Prudence hid in a basement apartment entryway as she watched them march by. She followed a distance behind as they were led back into the tent. She managed to lift a flap of the huge tent, and the sight shocked her. The escapees were put in line with others like them and were being forced to enter a huge pit in the middle of the tent. Coming out on the other side of the pit were blocks of KafKakes ready to be packaged.

“It can’t be,” she thought, “is that what they have in mind for those of us who don’t change? I’ve got to find Jack.”

She ran as fast as she could away from the tent and back toward the crowd. Her attention was diverted by the sight of a small group of people chewing on KafKakes, half eaten bars in their hands. She ran to them plunging within their midst and slapping the bars out of their hands.

“Stop,” she shouted, “do you know what you’re eating?”

“Tastes pretty good,” one of them said as his body started to shake. Soon they were all shaking and before Prudence’s eyes their bodies shrunk and heads grew.
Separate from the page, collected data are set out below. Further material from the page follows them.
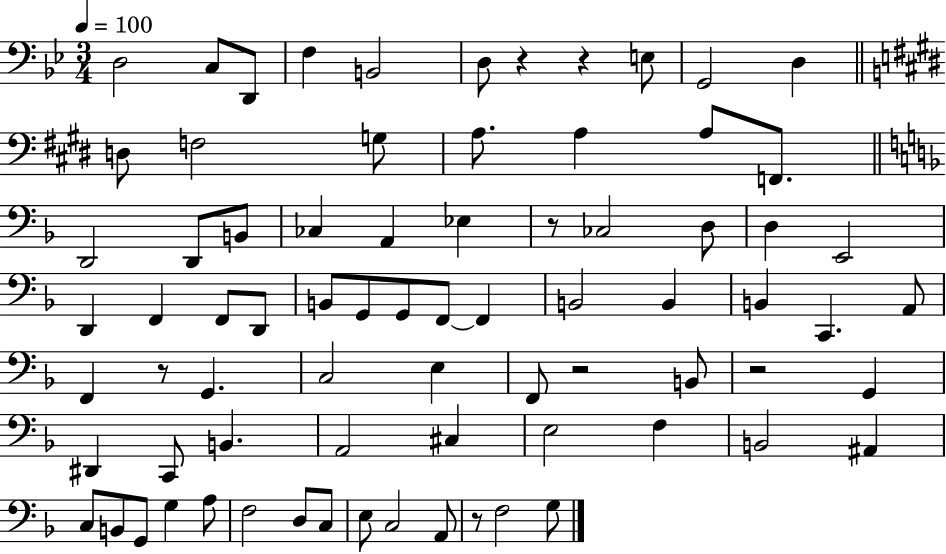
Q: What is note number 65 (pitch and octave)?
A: E3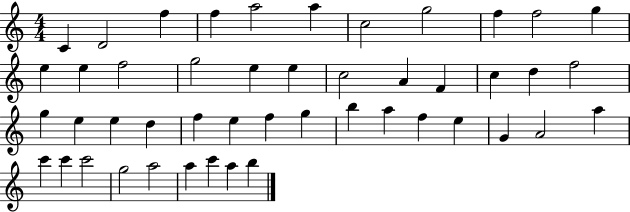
C4/q D4/h F5/q F5/q A5/h A5/q C5/h G5/h F5/q F5/h G5/q E5/q E5/q F5/h G5/h E5/q E5/q C5/h A4/q F4/q C5/q D5/q F5/h G5/q E5/q E5/q D5/q F5/q E5/q F5/q G5/q B5/q A5/q F5/q E5/q G4/q A4/h A5/q C6/q C6/q C6/h G5/h A5/h A5/q C6/q A5/q B5/q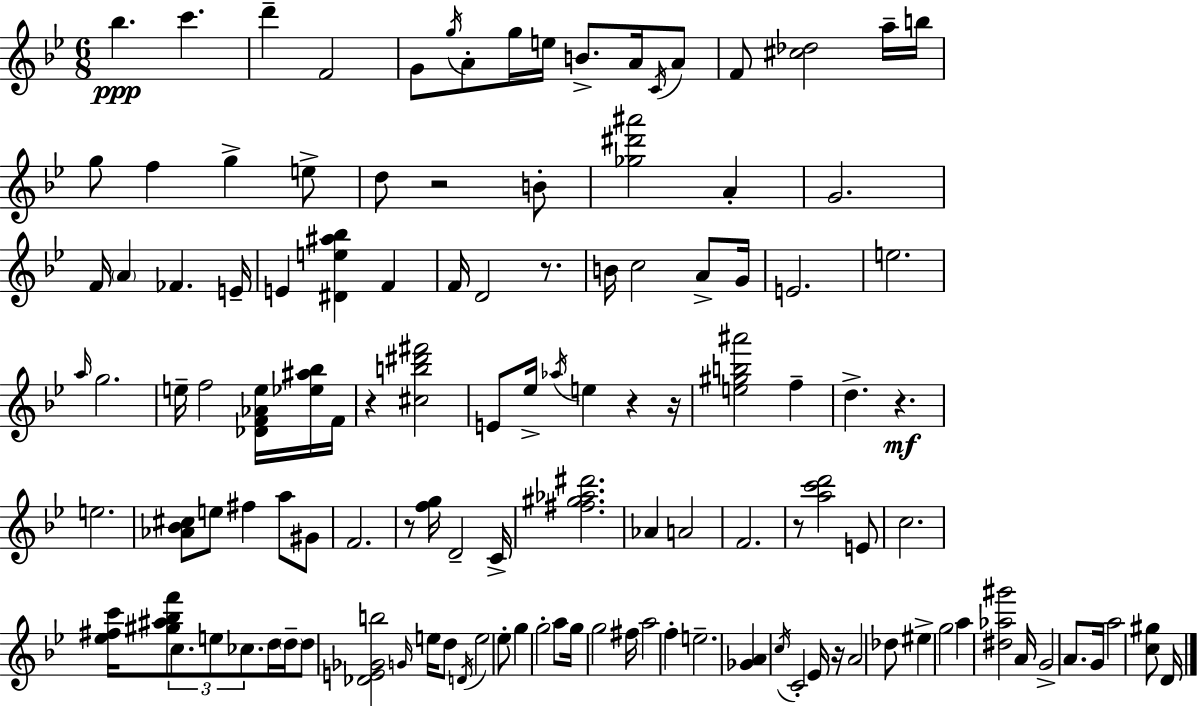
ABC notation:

X:1
T:Untitled
M:6/8
L:1/4
K:Gm
_b c' d' F2 G/2 g/4 A/2 g/4 e/4 B/2 A/4 C/4 A/2 F/2 [^c_d]2 a/4 b/4 g/2 f g e/2 d/2 z2 B/2 [_g^d'^a']2 A G2 F/4 A _F E/4 E [^De^a_b] F F/4 D2 z/2 B/4 c2 A/2 G/4 E2 e2 a/4 g2 e/4 f2 [_DF_Ae]/4 [_e^a_b]/4 F/4 z [^cb^d'^f']2 E/2 _e/4 _a/4 e z z/4 [e^gb^a']2 f d z e2 [_A_B^c]/2 e/2 ^f a/2 ^G/2 F2 z/2 [fg]/4 D2 C/4 [^f^g_a^d']2 _A A2 F2 z/2 [ac'd']2 E/2 c2 [_e^fc']/4 [^g^a_bf']/2 c/2 e/2 _c/2 d/4 d/4 d/2 [_DE_Gb]2 G/4 e/4 d/2 D/4 e2 _e/2 g g2 a/2 g/4 g2 ^f/4 a2 f e2 [_GA] c/4 C2 _E/4 z/4 A2 _d/2 ^e g2 a [^d_a^g']2 A/4 G2 A/2 G/4 a2 [c^g]/2 D/4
“Oh no,” Prudence muttered.

“Wow,” another one of them said. “This is wonderful, I feel…different.” He turned his attention to Prudence. “Come on, join us, have a bite to eat.”

“No,” she shouted backing away as they closed in on her. “No, I…I’ve got to find my husband.” She ran turning to see them trying to get the attention of Eric’s men.

She couldn’t find Jack in the crowd and wound up returning home alone. Later that night Jack showed up, body thin and head almost twice its size.

“Pru,” he said, “you’ve got to try this stuff, they have frozen meals now too, I brought one home for you.”

“I’m not hungry,” she said, not liking his tone of voice or the look in his eye.

“Come on,” Jack said, “it’s delicious, and the changes are wonderful. Everybody’s eating it, everyone’s coming over, it will do you good.”

“Wonderful?” Prudence couldn’t help notice he used the same word the other man did earlier. This stuff doesn’t make you smarter, she thought, it makes you more compliant. “I said I’m not hungry, maybe later.”

“Sure,” he said. “We’ll have a bite to eat later, maybe with some wine. You’ll like it, you’ll see.”

“Yes, I’m sure I will,” Prudence said hiding her sadness at knowing her Jack was gone.

Three days later Prudence still hadn’t eaten. She’d left the house when the new Jack fell asleep that night. She travelled the countryside avoiding the changed people and looking for others like her so they could figure out what to do and how to eat safely. She didn’t trust the food supply in stores or restaurants. Maybe she and others could grow their own vegetables, start a farm in some remote area, with chickens, pigs or whatever. There had to be a way. Then they would need to resist, to alert others like them not to fall for the pitch, not to eat Xavier’s “food.” They would have to find a way.